[AVAILABLE RECORDS]:
########################################
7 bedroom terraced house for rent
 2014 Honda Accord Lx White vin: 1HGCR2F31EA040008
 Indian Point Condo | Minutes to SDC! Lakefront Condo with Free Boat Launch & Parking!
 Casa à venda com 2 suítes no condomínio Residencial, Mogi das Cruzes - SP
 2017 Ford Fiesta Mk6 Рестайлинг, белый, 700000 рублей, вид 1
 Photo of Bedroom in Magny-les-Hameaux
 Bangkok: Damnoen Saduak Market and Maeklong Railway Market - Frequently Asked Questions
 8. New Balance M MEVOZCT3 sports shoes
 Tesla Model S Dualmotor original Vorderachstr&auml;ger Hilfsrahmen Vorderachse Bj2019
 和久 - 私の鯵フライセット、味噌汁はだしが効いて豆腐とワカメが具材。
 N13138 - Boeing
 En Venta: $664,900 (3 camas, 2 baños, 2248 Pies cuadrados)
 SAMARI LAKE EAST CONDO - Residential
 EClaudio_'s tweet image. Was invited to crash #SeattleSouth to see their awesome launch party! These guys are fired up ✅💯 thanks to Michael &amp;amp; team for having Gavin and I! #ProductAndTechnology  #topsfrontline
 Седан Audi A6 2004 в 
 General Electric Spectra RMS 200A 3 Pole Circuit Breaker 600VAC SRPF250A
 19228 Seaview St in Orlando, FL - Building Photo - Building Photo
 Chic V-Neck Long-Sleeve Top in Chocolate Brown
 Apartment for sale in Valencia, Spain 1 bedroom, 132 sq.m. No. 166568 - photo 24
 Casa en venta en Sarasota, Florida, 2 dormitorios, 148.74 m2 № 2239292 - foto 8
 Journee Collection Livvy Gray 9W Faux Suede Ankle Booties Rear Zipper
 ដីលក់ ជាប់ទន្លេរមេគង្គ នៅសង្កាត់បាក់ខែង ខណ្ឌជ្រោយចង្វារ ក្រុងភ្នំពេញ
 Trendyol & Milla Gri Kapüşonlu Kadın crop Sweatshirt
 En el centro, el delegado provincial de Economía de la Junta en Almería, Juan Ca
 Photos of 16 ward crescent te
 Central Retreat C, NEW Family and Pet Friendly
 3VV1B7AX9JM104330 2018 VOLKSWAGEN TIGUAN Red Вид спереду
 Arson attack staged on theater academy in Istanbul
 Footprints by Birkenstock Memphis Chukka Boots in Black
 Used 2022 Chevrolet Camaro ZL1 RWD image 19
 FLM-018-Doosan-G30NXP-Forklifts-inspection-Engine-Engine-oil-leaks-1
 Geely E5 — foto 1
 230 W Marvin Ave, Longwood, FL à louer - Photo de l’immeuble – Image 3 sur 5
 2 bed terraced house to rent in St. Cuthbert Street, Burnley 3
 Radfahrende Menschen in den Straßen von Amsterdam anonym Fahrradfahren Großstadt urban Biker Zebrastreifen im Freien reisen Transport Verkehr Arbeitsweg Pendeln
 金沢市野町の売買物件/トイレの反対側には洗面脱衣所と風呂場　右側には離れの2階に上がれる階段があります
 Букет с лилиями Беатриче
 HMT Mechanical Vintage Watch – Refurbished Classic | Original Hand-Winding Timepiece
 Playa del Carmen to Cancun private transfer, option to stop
########################################
[THE PROBLEM]: Search the records for lines holding the word "house", then copy each line you find.

[ANSWER TO THIS EXERCISE]:
7 bedroom terraced house for rent
 2 bed terraced house to rent in St. Cuthbert Street, Burnley 3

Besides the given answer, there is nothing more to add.